▶ TASK ITEM
Below are the records; repeat them in full, exactly.
━━━━━ RECORDS TO USE
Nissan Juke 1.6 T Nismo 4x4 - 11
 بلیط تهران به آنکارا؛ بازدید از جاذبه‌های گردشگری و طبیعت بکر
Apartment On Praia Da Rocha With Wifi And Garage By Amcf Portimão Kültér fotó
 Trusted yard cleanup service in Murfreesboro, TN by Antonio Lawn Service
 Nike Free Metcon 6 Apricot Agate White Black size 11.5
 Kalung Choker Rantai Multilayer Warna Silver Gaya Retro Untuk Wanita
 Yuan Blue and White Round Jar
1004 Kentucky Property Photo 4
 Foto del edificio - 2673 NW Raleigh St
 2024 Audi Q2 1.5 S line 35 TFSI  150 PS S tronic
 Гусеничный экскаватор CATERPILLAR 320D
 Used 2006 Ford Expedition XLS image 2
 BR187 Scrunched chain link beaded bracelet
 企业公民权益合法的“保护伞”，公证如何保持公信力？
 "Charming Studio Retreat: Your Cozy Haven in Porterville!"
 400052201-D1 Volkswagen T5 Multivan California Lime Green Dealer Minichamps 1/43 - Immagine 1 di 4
━━━━━━━━━━
▶ RESPONSE FOR THIS EXERCISE
Nissan Juke 1.6 T Nismo 4x4 - 11
 بلیط تهران به آنکارا؛ بازدید از جاذبه‌های گردشگری و طبیعت بکر
Apartment On Praia Da Rocha With Wifi And Garage By Amcf Portimão Kültér fotó
 Trusted yard cleanup service in Murfreesboro, TN by Antonio Lawn Service
 Nike Free Metcon 6 Apricot Agate White Black size 11.5
 Kalung Choker Rantai Multilayer Warna Silver Gaya Retro Untuk Wanita
 Yuan Blue and White Round Jar
1004 Kentucky Property Photo 4
 Foto del edificio - 2673 NW Raleigh St
 2024 Audi Q2 1.5 S line 35 TFSI  150 PS S tronic
 Гусеничный экскаватор CATERPILLAR 320D
 Used 2006 Ford Expedition XLS image 2
 BR187 Scrunched chain link beaded bracelet
 企业公民权益合法的“保护伞”，公证如何保持公信力？
 "Charming Studio Retreat: Your Cozy Haven in Porterville!"
 400052201-D1 Volkswagen T5 Multivan California Lime Green Dealer Minichamps 1/43 - Immagine 1 di 4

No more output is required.